PSP: Pre-Training and Structure Prompt Tuning for Graph Neural Networks

TL;DR

PSP addresses the gap between graph pre-training and downstream prompting by introducing dual-view contrastive pre-training that separately encodes node attributes and graph structure, and a structure prompt tuning mechanism that connects learned class prototypes to the graph via learnable edges. The method freezes the pre-trained encoders while learning a small set of structure-based parameters to aggregate information from massive unlabeled data, improving prototype quality for few-shot node and graph classification, and is effective for both homophilous and heterophilous graphs.

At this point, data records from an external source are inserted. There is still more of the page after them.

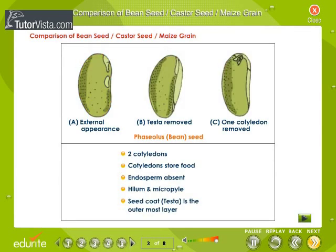Comparison of Bean Seed, Castor Seed, and Maize Grain. The bean seed has two cotyledons. Cotyledons store food. Endosperm is absent in the bean seed. Hilum and micropyle are visible. The seed coat or testa is the outermost layer.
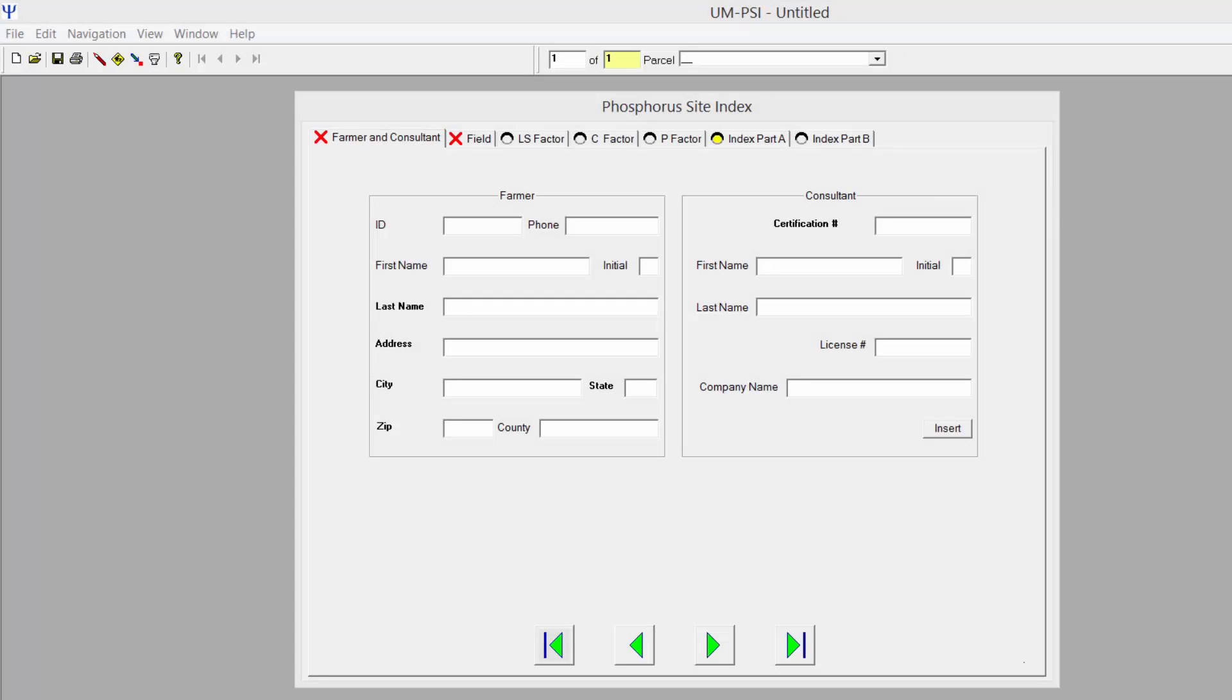This video will show you how to use the updated 2015 Standalone Phosphorus Site Index software. Soil map unit information has been updated by NRCS since the 2013 version of the Standalone PSI, and these differences have the capability of changing PSI scores.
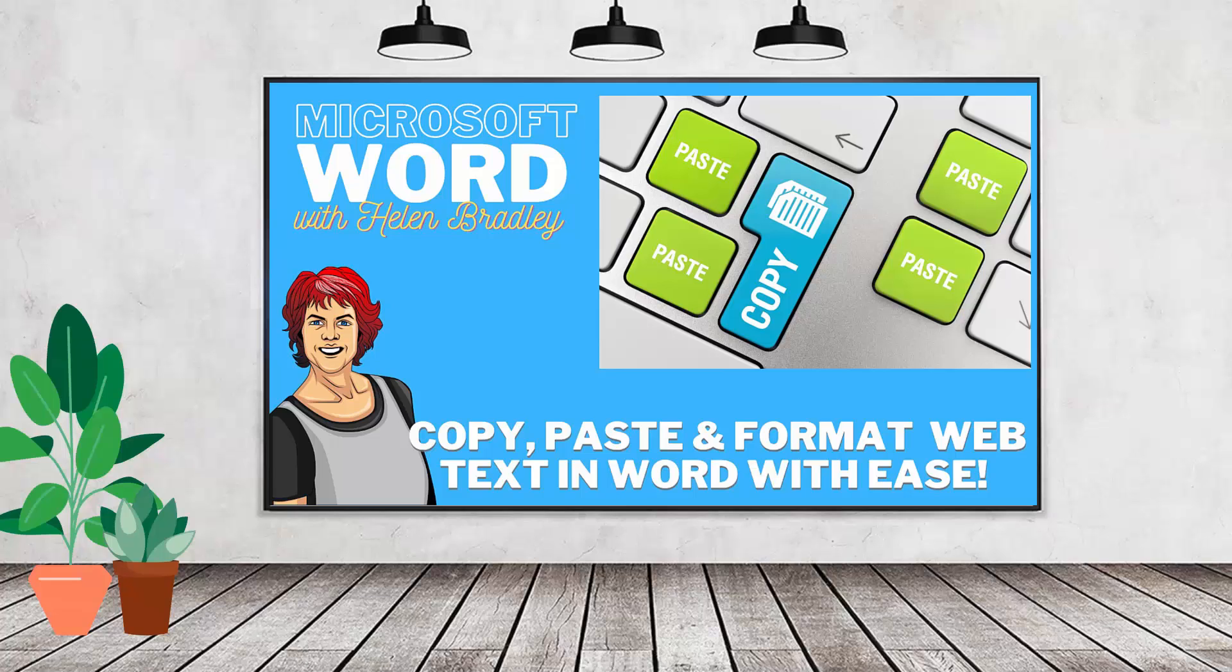Hello and welcome to this video tutorial. Today we're having a look very briefly at some of the issues you may encounter when you're copying and pasting content into a Word document from the web.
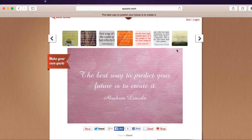Again, this is QuoZio. It's a free internet program designed to make your beautiful quotes into beautiful images. Thanks so much for watching.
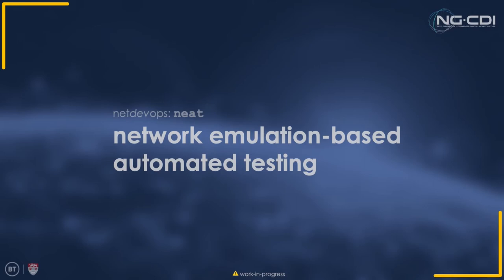Hey everybody, I'm Will, a PhD student at Lancaster University and I'll be running through the NetDevOps session this afternoon.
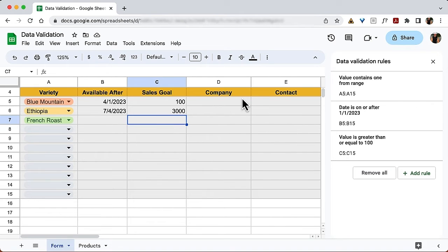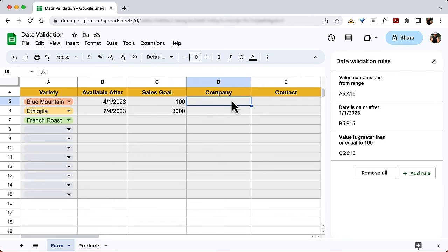Now let's look at the last two columns: Company and Contact. We want to accept only text, and the text needs to be at least two characters and no more than 20 characters — so a cat walking across the keyboard would be rejected. I'll show you two ways of accomplishing this, which is why there are two columns. For the Company column, we'll use the ISBETWEEN function, which is specific to Google Sheets, along with the AND, LEN, and ISTEXT functions. For the Contact column, I'll show how to do it without ISBETWEEN, so it works in both Google Sheets and Excel.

Empirical results across 11 datasets show PSP achieving superior performance over baselines, with notable gains in few-shot settings, and ablations confirm the usefulness of the structure prompt and the dual-view design. The work provides a practical, scalable approach to leverage pre-trained GNN knowledge for robust, data-efficient graph reasoning, with code available at the authors' repository.

Abstract

Graph Neural Networks (GNNs) are powerful in learning semantics of graph data. Recently, a new paradigm "pre-train and prompt" has shown promising results in adapting GNNs to various tasks with less supervised data. The success of such paradigm can be attributed to the more consistent objectives of pre-training and task-oriented prompt tuning, where the pre-trained knowledge can be effectively transferred to downstream tasks. Most existing methods are based on the class prototype vector framework. However, in the few-shot scenarios, given few labeled data, class prototype vectors are difficult to be accurately constructed or learned. Meanwhile, the structure information of graph is usually exploited during pre-training for learning node representations, while neglected in the prompt tuning stage for learning more accurate prototype vectors. In addition, they generally ignore the impact of heterophilous neighborhoods on node representation and are not suitable for heterophilous graphs. To bridge these gaps, we propose a novel pre-training and structure prompt tuning framework for GNNs, namely PSP, which consistently exploits structure information in both pre-training and prompt tuning stages. In particular, PSP 1) employs a dual-view contrastive learning to align the latent semantic spaces of node attributes and graph structure, and 2) incorporates structure information in prompted graph to construct more accurate prototype vectors and elicit more pre-trained knowledge in prompt tuning. We conduct extensive experiments on node classification and graph classification tasks to evaluate the effectiveness of PSP. We show that PSP can lead to superior performance in few-shot scenarios on both homophilous and heterophilous graphs. The implemented code is available at https://github.com/gqq1210/PSP.

Figures (5)

• Figure 1: The construction of class prototype vectors. The colored areas contain the labeled nodes for training. The circles represent nodes, and the triangles represent class prototype vectors for node classification task. The solid black lines and gray dashed lines denote the original edges in the graph and the new weighted edges, respectively. For each node, the dashed line in red or green denotes the edges with the largest weight to the class prototype vector.
• Figure 2: Overall framework of PSP. Top: pre-training. Middle: prompt tuning for node classification. Bottom: prompt tuning for graph classification.
• Figure 3: The ablation study on training paradigm.
• Figure 4: (a)(b): varying the number of shots for node classification. (c)(d): varying the number of shots for graph classification.
• Figure 5: The weights of added edges between nodes and class prototype vectors before and after prompt tuning.